# Atomicity and Visibility in Tiny Embedded Systems

John Regehr Nathan Cooprider

University of Utah, School of Computing {regehr, coop}@cs.utah.edu

# David Gay

Intel Research Berkeley david.e.gay@intel.com

## Abstract

Visibility is a property of a programming language's memory model that determines when values stored by one concurrent computation become visible to other computations. Our work exploits the insight that in nesC, a C-like language with explicit atomicity, the traditional way of ensuring timely visibility—volatile variables—can be entirely avoided. This is advantageous because the volatile qualifier is a notorious source of programming errors and misunderstandings. Furthermore, the volatile qualifier hurts performance by inhibiting many more optimizations than are necessary to ensure visibility. In this paper we extend the semantics of nesC's atomic statements to include a visibility guarantee, we show two ways that these semantics can be implemented, and we also show that our better implementation has no drawbacks in terms of resource usage.

## 1. Introduction

The nesC [5] language is a C dialect designed for programming embedded wireless sensor network nodes. It supports safe concurrent programming using an atomic construct. This construct guarantees that a statement "is executed 'as-if' no other computation occurred simultaneously." These semantics do not address *visibility*, which Alexandrescu et al. [1] define as addressing the question: "Under what conditions will the effects of a write action by one thread be seen by a read from another thread?" In situations where a computation spins waiting for the result of another computation, visibility errors lead to deadlocks. In other situations data corruption is possible.

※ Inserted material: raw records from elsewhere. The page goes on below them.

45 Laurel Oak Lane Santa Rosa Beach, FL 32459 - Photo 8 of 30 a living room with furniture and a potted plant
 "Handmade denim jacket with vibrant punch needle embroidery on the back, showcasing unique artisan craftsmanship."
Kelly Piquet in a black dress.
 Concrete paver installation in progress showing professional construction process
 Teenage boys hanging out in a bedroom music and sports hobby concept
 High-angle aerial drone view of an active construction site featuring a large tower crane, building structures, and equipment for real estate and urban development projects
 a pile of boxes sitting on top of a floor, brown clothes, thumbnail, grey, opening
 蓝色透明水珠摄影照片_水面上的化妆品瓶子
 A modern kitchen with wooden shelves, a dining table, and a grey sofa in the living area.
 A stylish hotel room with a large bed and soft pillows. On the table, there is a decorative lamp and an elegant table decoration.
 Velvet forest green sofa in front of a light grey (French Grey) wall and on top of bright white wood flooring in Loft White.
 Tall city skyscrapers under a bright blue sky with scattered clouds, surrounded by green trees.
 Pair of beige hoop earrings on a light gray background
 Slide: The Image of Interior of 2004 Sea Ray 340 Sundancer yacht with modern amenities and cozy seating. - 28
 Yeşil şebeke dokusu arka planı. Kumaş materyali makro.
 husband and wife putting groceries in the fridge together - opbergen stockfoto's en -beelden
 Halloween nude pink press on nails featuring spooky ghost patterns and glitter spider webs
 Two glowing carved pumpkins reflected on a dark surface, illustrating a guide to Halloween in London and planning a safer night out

Atomicity on uniprocessor embedded systems is easily implemented by disabling interrupts. This implementation is extremely lightweight compared to software transactional memory, but it lacks a visibility guarantee. Since small uniprocessor embedded systems do not have caches, compiler optimizations are the only issue that must be considered when making visibility guarantees.

Until now, nesC has left it to programmers to ensure visibility by judicious use of C's volatile qualifier. In this paper we investigate the idea of strengthening nesC's memory model such that the semantics of atomic are augmented with a visibility guarantee. This change results in a novel design point for lightweight atomicity in a C-like language that reduces programmers' effort and opportunities to make subtle errors. We present, and evaluate

PLOS'06, October 22, 2006, Santa Jose, California, U.S.A.

(C) Sun Microsystems, Inc.

ACM 1-59593-577-0/10/2006.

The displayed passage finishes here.